In one or more examples, the three-dimensional representation is configured as a neural radiance field. A neural radiance field is a technique that leverages machine learning (e.g., deep learning) for constructing a three-dimensional representation of an environment from two-dimensional images using a neural network. The neural radiance field supports generation of previously unseen views of the environment (i.e., that are not explicitly included in the environment video) using the neural network as trained based on the two-dimensional images from frames of the environment video. The video compositing service, as part of processing the environment video, is also configurable to generate environment data describing additional parameters of the environment, such as per-frame camera parameters, a point cloud, and so forth.
The video compositing service then aligns the three-dimensional representation of the environment from the environment video (e.g., as defined by the neural radiance field) with respect to a three-dimensional environment of the subject video. A point cloud of the three-dimensional representation of the environment of the environment video, for example, is aligned based on viewpoint data (e.g., depth data) taken from the subject video.
Once aligned, the video compositing service generates a composite video based on the source video (e.g., the subject data and the viewpoint data) and the environment video, e.g., the three-dimensional representation as the neural radiance field and the environment data. As part of generating the composite video, movement of a viewpoint of the subject is aligned with movement of an environment rendered based on the three-dimensional representation. The video compositing service, for instance, follows movement of the subject as defined in the subject video and generates a background using the three-dimensional representation. Generation of the background may include “new” views of the environment that are not included in the environment video but rather are generated using machine learning, e.g., generative artificial intelligence.
In this way, the video compositing service supports free camera movement in video compositing, improved visual accuracy, and reduced computational resource consumption that is not possible in conventional techniques. Further discussion of these and other examples is included in the following figures and shown in corresponding figures.
In the following discussion, an example environment is described that employs the techniques described herein. Example procedures are also described that are performable in the example environment as well as other environments. Consequently, performance of the example procedures is not limited to the example environment and the example environment is not limited to performance of the example procedures.

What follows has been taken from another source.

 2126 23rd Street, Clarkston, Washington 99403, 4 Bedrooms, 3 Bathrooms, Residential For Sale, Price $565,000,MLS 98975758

Example Video Compositing Environment

FIG. 1 is an illustration of a digital medium environment 100 in an example implementation that is operable to employ three dimensional aware video compositing techniques as described herein. The illustrated environment 100 includes a service provider system 102 and a computing device 104 that are communicatively coupled, one to another, via a network 106. Computing devices are configurable in a variety of ways.
A computing device, for instance, is configurable as a desktop computer, a laptop computer, a mobile device (e.g., assuming a handheld configuration such as a tablet or mobile phone), and so forth. Thus, a computing device ranges from full resource devices with substantial memory and processor resources (e.g., personal computers, game consoles) to a low-resource device with limited memory and/or processing resources (e.g., mobile devices). Additionally, although a single computing device is shown and described in instances in the following discussion, a computing device is also representative of a plurality of different devices, such as multiple servers utilized by a business to perform operations “over the cloud” for the service provider system 102 and as further described in relation to FIG. 8 .
The service provider system 102 includes a digital service manager module 108 that is implemented using hardware and software resources 110 (e.g., a processing device and computer-readable storage medium) in support of one or more digital services 112. Digital services 112 are made available, remotely, via the network 106 to computing devices, e.g., computing device 104. Digital services 112 are scalable through implementation by the hardware and software resources 110 and support a variety of functionalities, including accessibility, verification, real-time processing, analytics, load balancing, and so forth. Examples of digital services include a social media service, streaming service, digital content repository service, content collaboration service, and so on. Accordingly, in the illustrated example, a communication module 114 (e.g., browser, network-enabled application, and so on) is utilized by the computing device 104 to access the one or more digital services 112 via the network 106. A result of processing using the digital services 112 is then returned to the computing device 104 via the network 106.
In the illustrated example, the digital services 112 are utilized to implement a video compositing service 116 that is configurable to employ one or more machine-learning models 118 to process a subject video 120 and an environment video 122 to generate a composite video 124. For example, given a subject video 120 “Vr” capturing a foreground subject with a free-moving camera and the environment video 122 “V_b” capturing an environment, the video compositing service 116 is tasked with generating the composite video 124 as compositing a subject from the subject video 120 “V_f” with the environment from the environment video 122 “V_b.” Visually, the video compositing service 116 swaps an original background in the subject video 120 “V_f” with the environment captured by the environment video 122 “V_b” in a realistic and plausible manner as part of generating the composite video 124.
As previously described, conventional video compositing techniques assume a subject is captured by a stationary camera. In the techniques described herein, however, no prior constraint is placed on motion of a viewpoint (i.e., the camera motion) capturing the subject video 120 “V_f.” The video compositing service 116, for instance, synchronizes motion of viewpoints between the subject in the subject video 120 and the synthesized frames of an environment defined by the environment video 122. The video compositing service 116, in one or more implementations, preserves camera motion “C_f” from the subject video 120 “V_f” and synthesizes a frame sequence “V_b” of the scene captured by the environment video 122 “V_b” as the background layer with the same camera motion “C_f.” The segmented subject from subject video 120 “V_f” is then alpha-blended with frame sequence “V_b′” with consistent camera motion to form the composite video 124. Further discussion of these and other examples is included in the following section and shown in corresponding figures.
In general, functionality, features, and concepts described in relation to the examples above and below are employed in the context of the example procedures described in this section. Further, functionality, features, and concepts described in relation to different figures and examples in this document are interchangeable among one another and are not limited to implementation in the context of a particular figure or procedure. Moreover, blocks associated with different representative procedures and corresponding figures herein are applicable together and/or combinable in different ways. Thus, individual functionality, features, and concepts described in relation to different example environments, devices, components, figures, and procedures herein are usable in any suitable combinations and are not limited to the particular combinations represented by the enumerated examples in this description.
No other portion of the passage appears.